[Work required]: Show every line of the data below that includes the word "Metal".

Short descriptive text snippets:

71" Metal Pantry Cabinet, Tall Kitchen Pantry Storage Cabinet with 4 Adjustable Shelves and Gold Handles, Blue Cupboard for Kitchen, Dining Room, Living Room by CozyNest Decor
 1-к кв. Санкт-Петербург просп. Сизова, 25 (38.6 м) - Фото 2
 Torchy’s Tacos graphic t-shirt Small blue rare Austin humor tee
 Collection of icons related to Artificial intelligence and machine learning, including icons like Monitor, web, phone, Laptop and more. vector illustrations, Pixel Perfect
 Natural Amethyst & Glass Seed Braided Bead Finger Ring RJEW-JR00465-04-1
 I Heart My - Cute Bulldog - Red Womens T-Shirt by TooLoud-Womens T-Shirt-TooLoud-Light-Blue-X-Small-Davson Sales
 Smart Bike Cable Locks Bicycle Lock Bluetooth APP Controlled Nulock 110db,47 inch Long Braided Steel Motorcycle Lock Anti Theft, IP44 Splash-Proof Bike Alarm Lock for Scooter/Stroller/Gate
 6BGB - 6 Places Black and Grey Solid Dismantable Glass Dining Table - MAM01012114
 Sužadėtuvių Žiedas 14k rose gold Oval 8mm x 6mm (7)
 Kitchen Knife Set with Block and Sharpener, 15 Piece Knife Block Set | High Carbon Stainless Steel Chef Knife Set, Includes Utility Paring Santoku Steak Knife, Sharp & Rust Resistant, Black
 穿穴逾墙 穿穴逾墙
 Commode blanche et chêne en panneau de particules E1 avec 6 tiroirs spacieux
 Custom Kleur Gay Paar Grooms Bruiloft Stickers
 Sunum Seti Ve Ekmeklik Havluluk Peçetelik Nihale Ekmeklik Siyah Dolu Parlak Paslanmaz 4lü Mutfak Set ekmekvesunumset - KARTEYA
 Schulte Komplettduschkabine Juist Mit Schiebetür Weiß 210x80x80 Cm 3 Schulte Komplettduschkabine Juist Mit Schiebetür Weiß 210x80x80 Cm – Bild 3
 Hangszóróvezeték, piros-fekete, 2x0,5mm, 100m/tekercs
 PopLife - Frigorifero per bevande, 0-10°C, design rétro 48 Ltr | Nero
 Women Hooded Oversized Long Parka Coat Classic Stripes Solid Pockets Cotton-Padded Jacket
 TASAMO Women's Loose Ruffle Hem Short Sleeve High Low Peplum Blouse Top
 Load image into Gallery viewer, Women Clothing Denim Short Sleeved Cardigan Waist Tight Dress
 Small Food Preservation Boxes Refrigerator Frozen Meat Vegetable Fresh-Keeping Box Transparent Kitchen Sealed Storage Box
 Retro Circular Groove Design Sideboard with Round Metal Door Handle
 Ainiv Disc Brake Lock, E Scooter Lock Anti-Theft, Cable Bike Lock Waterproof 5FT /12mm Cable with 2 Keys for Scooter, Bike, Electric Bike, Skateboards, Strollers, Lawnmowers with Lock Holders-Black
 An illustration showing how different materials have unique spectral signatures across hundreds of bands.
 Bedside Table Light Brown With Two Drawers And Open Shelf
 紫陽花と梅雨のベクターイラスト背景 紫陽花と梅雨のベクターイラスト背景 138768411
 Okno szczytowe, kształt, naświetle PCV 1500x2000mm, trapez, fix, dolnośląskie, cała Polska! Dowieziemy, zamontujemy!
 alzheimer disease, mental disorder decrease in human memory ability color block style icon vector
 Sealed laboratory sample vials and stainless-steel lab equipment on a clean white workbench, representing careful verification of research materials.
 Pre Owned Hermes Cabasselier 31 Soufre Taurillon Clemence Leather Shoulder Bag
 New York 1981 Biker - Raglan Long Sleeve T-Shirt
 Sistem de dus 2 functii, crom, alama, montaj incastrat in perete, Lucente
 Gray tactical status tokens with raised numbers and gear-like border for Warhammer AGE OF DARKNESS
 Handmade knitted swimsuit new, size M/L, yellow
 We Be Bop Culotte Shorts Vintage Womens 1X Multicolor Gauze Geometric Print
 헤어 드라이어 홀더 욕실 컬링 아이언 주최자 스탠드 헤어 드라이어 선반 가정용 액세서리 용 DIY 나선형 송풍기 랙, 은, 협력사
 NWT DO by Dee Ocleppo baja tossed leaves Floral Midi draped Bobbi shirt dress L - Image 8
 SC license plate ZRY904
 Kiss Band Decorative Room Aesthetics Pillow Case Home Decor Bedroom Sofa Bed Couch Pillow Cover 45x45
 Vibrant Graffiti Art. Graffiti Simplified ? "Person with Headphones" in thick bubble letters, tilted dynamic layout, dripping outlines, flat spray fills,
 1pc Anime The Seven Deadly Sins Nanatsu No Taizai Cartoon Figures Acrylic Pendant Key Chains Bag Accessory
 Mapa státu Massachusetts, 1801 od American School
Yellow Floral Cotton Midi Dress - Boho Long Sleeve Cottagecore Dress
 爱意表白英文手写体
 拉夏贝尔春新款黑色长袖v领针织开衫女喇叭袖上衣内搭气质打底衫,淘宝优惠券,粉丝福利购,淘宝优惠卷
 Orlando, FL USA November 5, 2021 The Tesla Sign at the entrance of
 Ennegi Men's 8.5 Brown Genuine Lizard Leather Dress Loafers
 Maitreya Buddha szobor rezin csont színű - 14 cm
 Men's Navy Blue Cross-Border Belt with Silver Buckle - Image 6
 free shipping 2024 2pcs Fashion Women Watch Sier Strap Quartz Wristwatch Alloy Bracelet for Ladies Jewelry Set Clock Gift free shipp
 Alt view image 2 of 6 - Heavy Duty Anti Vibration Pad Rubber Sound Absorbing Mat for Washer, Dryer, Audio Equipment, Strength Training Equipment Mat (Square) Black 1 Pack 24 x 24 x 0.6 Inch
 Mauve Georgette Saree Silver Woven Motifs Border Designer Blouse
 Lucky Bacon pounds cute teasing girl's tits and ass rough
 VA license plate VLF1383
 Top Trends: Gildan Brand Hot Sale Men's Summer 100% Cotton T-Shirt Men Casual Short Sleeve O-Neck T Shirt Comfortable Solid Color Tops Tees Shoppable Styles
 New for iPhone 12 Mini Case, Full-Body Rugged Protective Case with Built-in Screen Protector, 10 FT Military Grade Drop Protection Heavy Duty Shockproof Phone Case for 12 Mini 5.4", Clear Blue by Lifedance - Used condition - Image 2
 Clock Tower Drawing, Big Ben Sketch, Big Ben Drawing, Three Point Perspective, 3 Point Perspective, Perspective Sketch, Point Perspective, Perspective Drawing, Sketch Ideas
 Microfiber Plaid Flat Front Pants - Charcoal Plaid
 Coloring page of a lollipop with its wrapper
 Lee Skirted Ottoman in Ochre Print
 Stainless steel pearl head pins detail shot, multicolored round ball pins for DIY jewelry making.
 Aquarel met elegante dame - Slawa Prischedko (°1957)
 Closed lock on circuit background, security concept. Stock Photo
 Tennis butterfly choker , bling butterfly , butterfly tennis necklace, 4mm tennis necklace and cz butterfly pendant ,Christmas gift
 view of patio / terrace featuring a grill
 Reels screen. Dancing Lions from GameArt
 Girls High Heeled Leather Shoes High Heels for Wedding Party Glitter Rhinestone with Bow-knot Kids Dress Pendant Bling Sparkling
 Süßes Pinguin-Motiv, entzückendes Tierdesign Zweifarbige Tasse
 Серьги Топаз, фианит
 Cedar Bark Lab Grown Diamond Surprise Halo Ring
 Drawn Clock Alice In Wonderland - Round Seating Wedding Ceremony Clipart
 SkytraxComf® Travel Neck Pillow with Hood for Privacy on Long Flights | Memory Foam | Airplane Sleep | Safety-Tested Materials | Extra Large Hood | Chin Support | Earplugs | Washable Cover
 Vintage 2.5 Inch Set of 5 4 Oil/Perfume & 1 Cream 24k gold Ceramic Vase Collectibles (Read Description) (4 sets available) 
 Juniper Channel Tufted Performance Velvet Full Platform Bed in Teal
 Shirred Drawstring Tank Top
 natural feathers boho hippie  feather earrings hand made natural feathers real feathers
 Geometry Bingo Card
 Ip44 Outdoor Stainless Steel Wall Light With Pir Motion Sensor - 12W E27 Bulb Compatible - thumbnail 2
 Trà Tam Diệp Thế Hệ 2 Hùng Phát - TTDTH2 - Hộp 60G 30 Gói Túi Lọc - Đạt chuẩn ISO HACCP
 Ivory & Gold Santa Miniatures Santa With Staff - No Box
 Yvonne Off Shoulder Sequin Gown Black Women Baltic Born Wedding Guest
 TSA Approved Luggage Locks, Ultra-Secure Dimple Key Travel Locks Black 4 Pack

[Solution to the exercise]:
71" Metal Pantry Cabinet, Tall Kitchen Pantry Storage Cabinet with 4 Adjustable Shelves and Gold Handles, Blue Cupboard for Kitchen, Dining Room, Living Room by CozyNest Decor
 Retro Circular Groove Design Sideboard with Round Metal Door Handle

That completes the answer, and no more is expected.